### Records for the task
.....

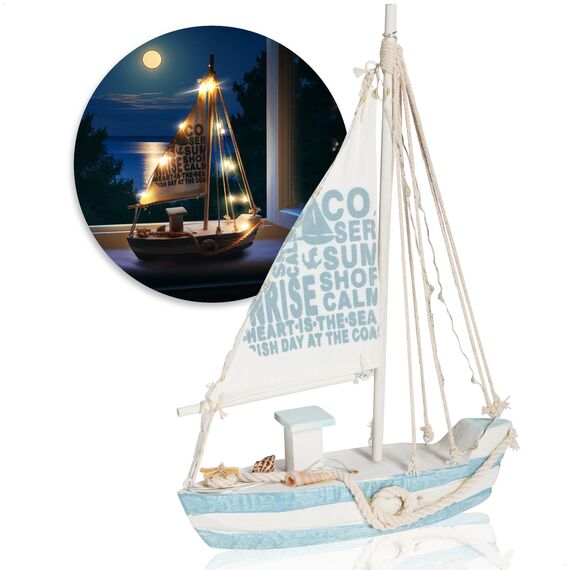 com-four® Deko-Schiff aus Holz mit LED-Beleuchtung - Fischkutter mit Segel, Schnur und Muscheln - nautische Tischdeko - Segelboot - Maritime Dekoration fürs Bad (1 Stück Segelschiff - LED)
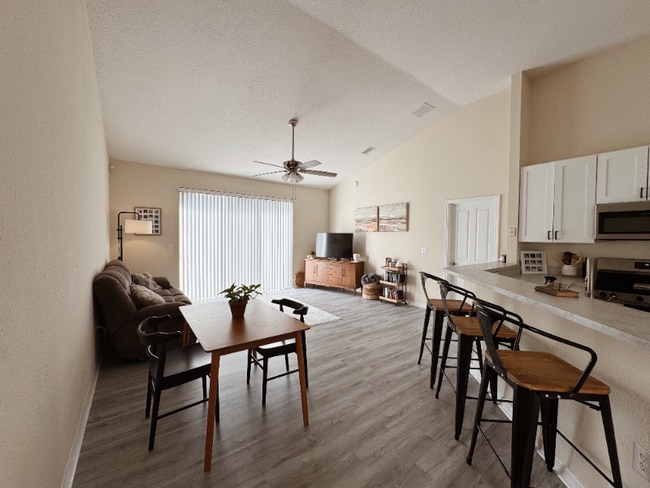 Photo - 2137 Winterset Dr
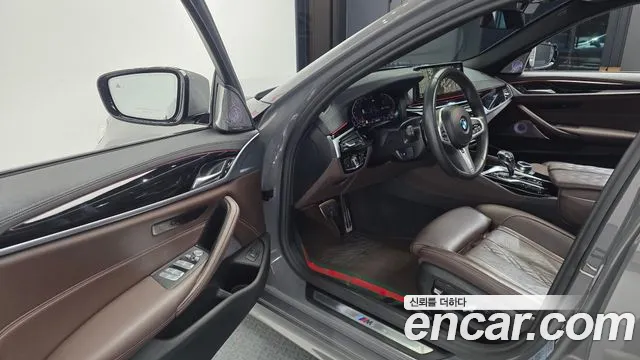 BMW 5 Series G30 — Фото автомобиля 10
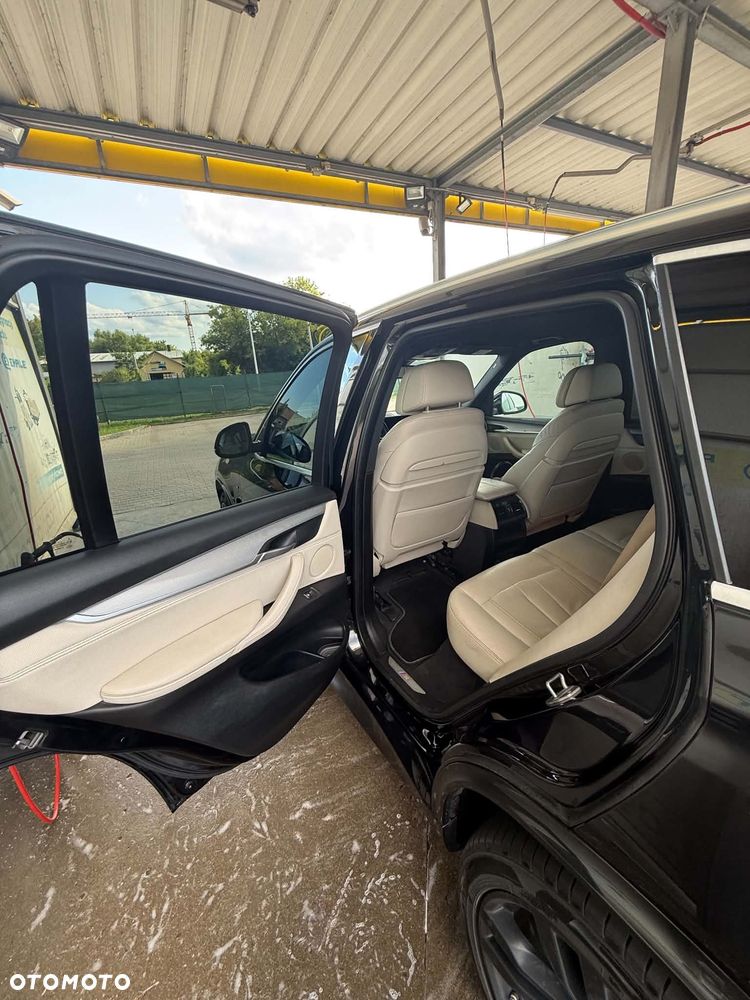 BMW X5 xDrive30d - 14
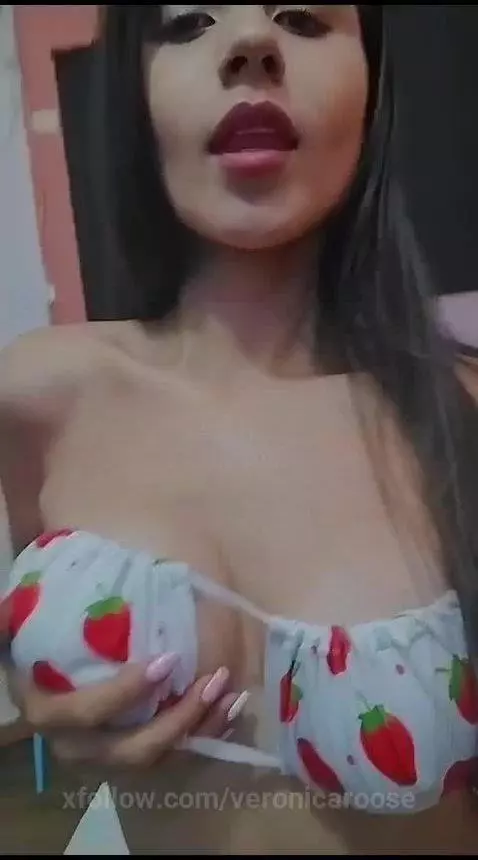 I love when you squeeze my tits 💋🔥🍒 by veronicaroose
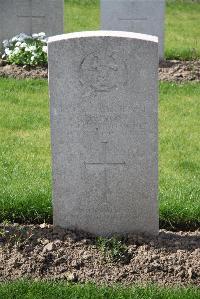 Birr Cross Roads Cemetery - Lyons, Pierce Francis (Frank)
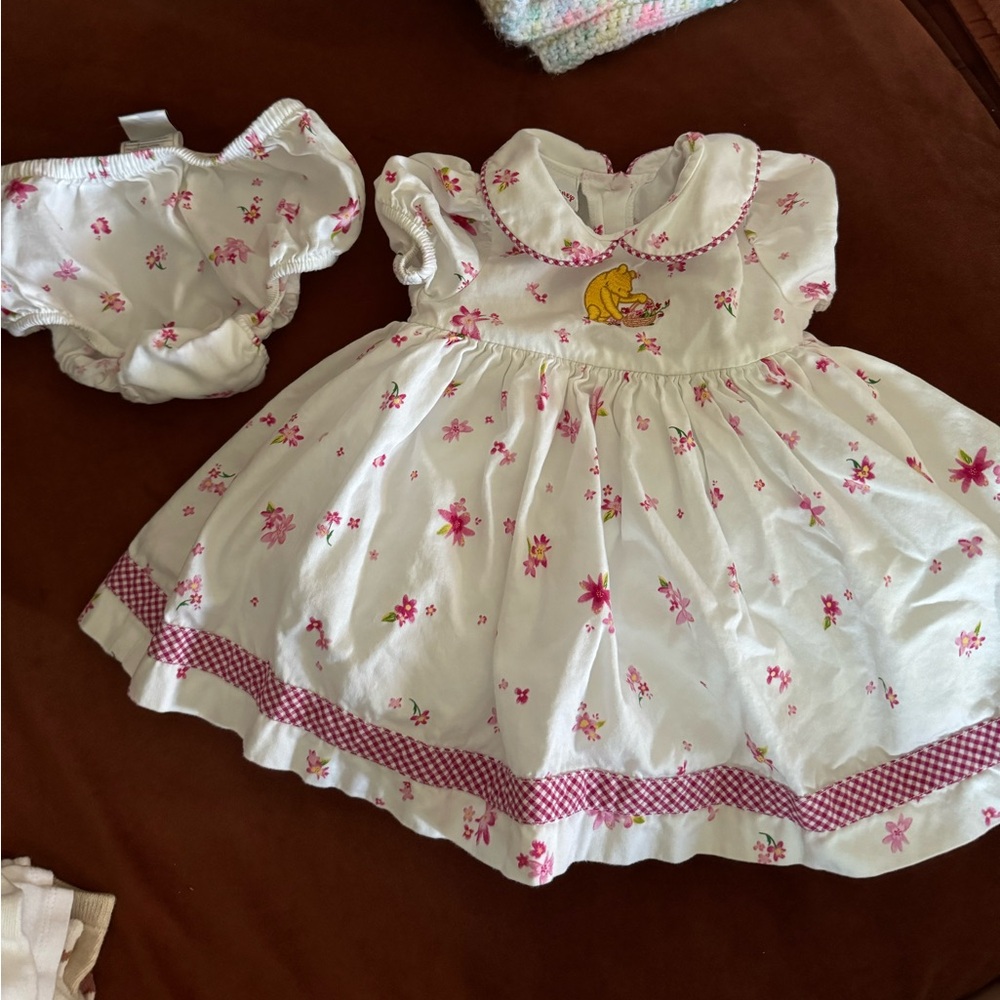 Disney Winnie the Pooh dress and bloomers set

.....

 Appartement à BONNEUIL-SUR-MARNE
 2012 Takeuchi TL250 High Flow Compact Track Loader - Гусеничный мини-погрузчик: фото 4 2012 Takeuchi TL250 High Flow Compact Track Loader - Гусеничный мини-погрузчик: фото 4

.....

### Action item
Using the records above, print exactly the lines between the ones containing "com-four® Deko-Schiff aus" and "Disney Winnie the", inclusive, and nothing else; no pictures.

### Completed exercise
 com-four® Deko-Schiff aus Holz mit LED-Beleuchtung - Fischkutter mit Segel, Schnur und Muscheln - nautische Tischdeko - Segelboot - Maritime Dekoration fürs Bad (1 Stück Segelschiff - LED)
 Photo - 2137 Winterset Dr
 BMW 5 Series G30 — Фото автомобиля 10
 BMW X5 xDrive30d - 14
 I love when you squeeze my tits 💋🔥🍒 by veronicaroose
 Birr Cross Roads Cemetery - Lyons, Pierce Francis (Frank)
 Disney Winnie the Pooh dress and bloomers set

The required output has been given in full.